Problem to work on: Output only the lines of the entries that follow, starting at the one with "2025 Volvo XC90" and running down to the one with "FL 33610, USA", both included and unchanged.

== Records

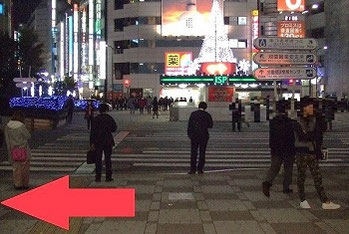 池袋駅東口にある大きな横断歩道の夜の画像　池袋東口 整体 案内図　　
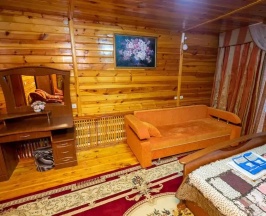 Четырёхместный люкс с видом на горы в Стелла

====
== Records

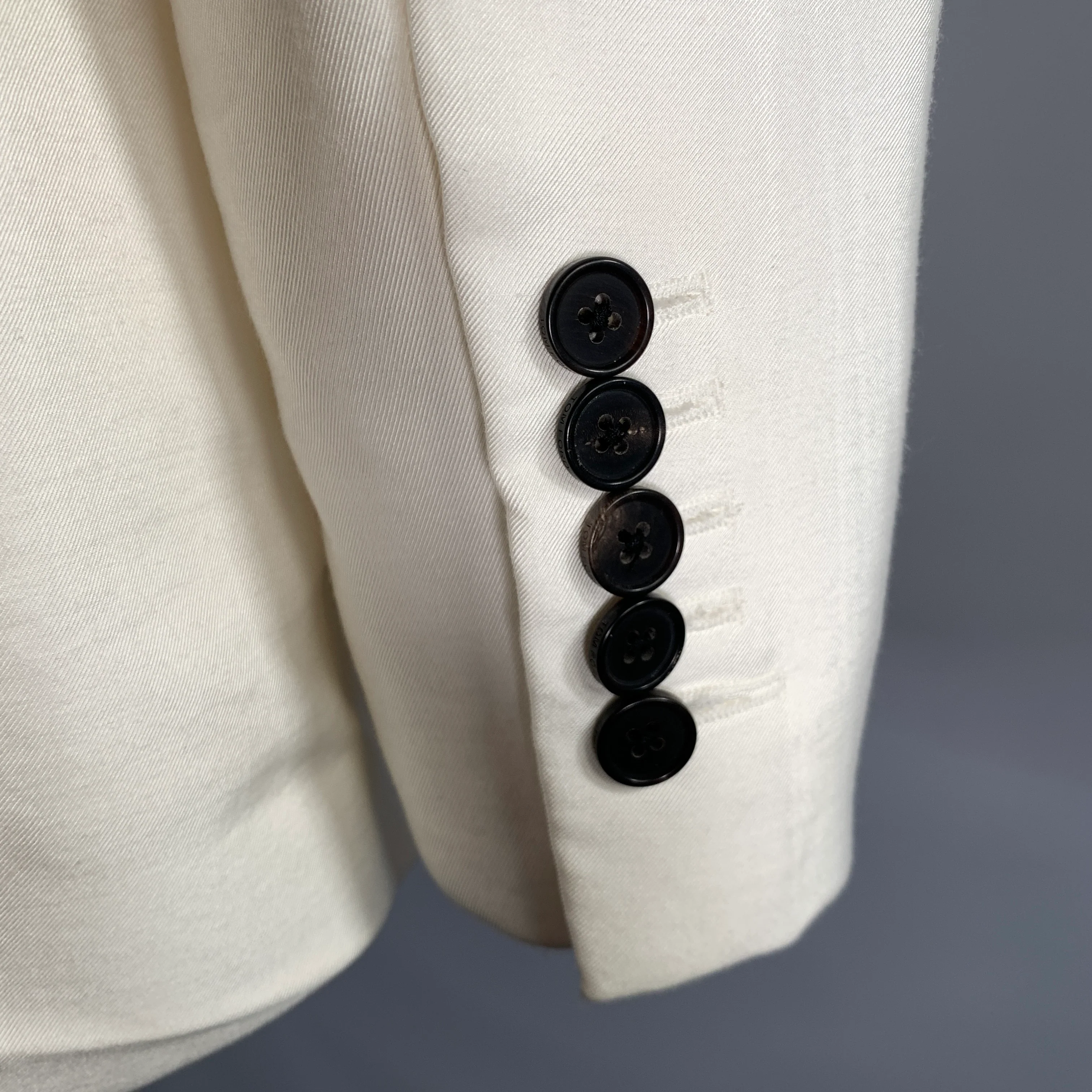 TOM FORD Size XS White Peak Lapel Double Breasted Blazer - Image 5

====
== Records

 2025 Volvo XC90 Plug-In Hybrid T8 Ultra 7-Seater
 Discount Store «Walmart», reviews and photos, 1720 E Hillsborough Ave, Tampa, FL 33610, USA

====

Exercise response:
 2025 Volvo XC90 Plug-In Hybrid T8 Ultra 7-Seater
 Discount Store «Walmart», reviews and photos, 1720 E Hillsborough Ave, Tampa, FL 33610, USA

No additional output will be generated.